The full proposals have not yet been released but the motivation is to ensure only that we maintain the current capacity of the police and security services by keeping pace with the use of new communications technology, not to extend powers any further. Nick has made clear that the proposals will not be “rammed through Parliament”, but will be subjected to proper scrutiny and debate. Open Parliamentary hearings will be held to examine draft clauses of any legislation.
I can assure you that Liberal Democrats take issues concerning our civil liberties very seriously, and that Nick will be following this matter closely.
Thank you again for contacting Nick about this important issue, and thank you for all of your support for the Party. I hope that we can count on your continued support, which is extremely valuable to us.
Office of Nick Clegg MP
Apart from its generic nature it is interesting that those at the top of the party are still clearly pedalling the line about 'no centralised database of communications data' which has been conclusively debunked after the party initial panic response that wheeled out Lynne Featherstone to attack various straw men.

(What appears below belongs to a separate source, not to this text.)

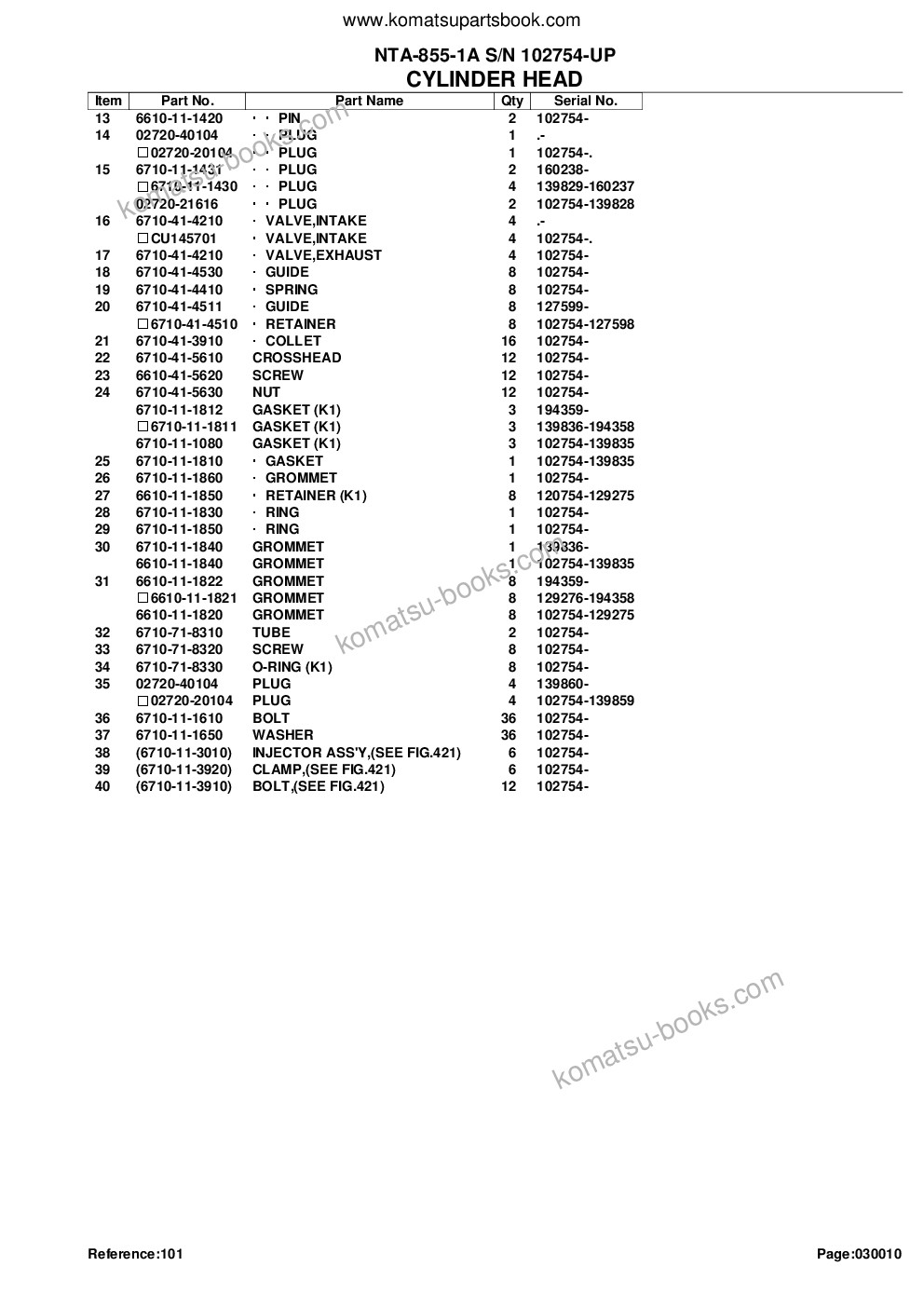 Komatsu nta-855-1a s/n 102754-up Parts catalog cover Page 4 Komatsu nta-855-1a s/n 102754-up Parts catalog cover Page 4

The lesson is clear - Clegg's office continues to be under resourced - both intellectually and in political campaigning resource. Internal communications with members - although getting better is still desultory. And the party's special advisors are in the main pointless - simply regurgitating the civil service line to ministers and the party, rather than the other way round.
Clegg hasn't got much longer to sort his operation out - the question is does he recognise there is a problem in the first place?